Write the records out again. Match them exactly.
-- Opening Marker --
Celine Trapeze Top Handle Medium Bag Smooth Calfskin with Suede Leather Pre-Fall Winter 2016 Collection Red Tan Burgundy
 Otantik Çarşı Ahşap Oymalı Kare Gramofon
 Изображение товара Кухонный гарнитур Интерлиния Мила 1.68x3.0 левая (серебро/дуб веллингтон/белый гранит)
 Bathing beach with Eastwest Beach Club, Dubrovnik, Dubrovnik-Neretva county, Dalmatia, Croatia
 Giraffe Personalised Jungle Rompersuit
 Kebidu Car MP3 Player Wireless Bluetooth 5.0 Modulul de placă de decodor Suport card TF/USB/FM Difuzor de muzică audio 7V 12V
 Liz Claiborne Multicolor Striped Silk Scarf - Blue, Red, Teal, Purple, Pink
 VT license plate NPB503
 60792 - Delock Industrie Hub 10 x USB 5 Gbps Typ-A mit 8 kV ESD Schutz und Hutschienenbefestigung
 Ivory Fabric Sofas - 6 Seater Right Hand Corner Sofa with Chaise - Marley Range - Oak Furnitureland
-- Closing Marker --
→ **Written response**:
Celine Trapeze Top Handle Medium Bag Smooth Calfskin with Suede Leather Pre-Fall Winter 2016 Collection Red Tan Burgundy
 Otantik Çarşı Ahşap Oymalı Kare Gramofon
 Изображение товара Кухонный гарнитур Интерлиния Мила 1.68x3.0 левая (серебро/дуб веллингтон/белый гранит)
 Bathing beach with Eastwest Beach Club, Dubrovnik, Dubrovnik-Neretva county, Dalmatia, Croatia
 Giraffe Personalised Jungle Rompersuit
 Kebidu Car MP3 Player Wireless Bluetooth 5.0 Modulul de placă de decodor Suport card TF/USB/FM Difuzor de muzică audio 7V 12V
 Liz Claiborne Multicolor Striped Silk Scarf - Blue, Red, Teal, Purple, Pink
 VT license plate NPB503
 60792 - Delock Industrie Hub 10 x USB 5 Gbps Typ-A mit 8 kV ESD Schutz und Hutschienenbefestigung
 Ivory Fabric Sofas - 6 Seater Right Hand Corner Sofa with Chaise - Marley Range - Oak Furnitureland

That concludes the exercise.